Meu caderno de infância tinha muitas casinhas felizes. Por trás de uma delas, subia um coqueiro alto indo bater lá no céu. Juntava-se às estrelas por entre todas as nuvens que ameaçavam chover. Chovia quando eu queria, nos desenhos que eu fazia. Sol e lua se encontravam e tudo se harmonizava sem nenhuma explicação. Para quê explicação?
A bandeira do Brasil flamejava milimetricamente, nivelada pela régua gasta e meu com(passo) de criança, que se alvoroçava de amor pelo País que me deu origem. O pau da bandeira era fincado entre flores e margaridas que eu ainda não sabia desfolhar, eternizada no meu bemquerer.
Com meu grafite eu desenhava o mundo inteiro! O que estava errado, eu podia apagar. Mas nunca apaguei estrelas. Quantas vezes me desenhei na noite a olhar as estrelas num céu limitado pelo espaço das páginas, mas tendo a certeza de que alguém no alto estaria a me olhar... Na minha imaginação de menina, era Deus quem me espreitava.
O vento? Nunca o soube desenhar.

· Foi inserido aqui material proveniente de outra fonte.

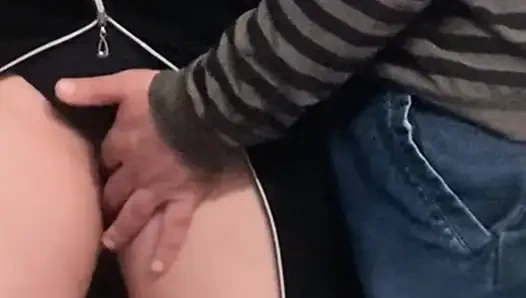 Omg!!! Kalabalık metrodaki yabancı - amcık parmaklıyor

Mas no meu auto-retrato, os fios dos meus cabelos se esvoaçavam ante a brisa de uma infância feliz. Escrevia embaixo: EU. Todos os contornos coloriam cenas abertas e um final feliz. THE END.
Meu caderno de infância só nunca me revelou o tamanho da saudade que sinto agora. Nem da quase impossibilidade que tenho de desenhar o passado. Lá deixei os melhores momentos do mundo e os personagens mais próximos a mim: minha mãe, meu pai, meus irmãos e irmãs, que eu fazia todos de pernas finas, sorridentes e felizes. Eu ficava no meio, ninguém tinha ido embora... Toda a poesia da vida ficou naqueles grafites, de onde eu nunca saí.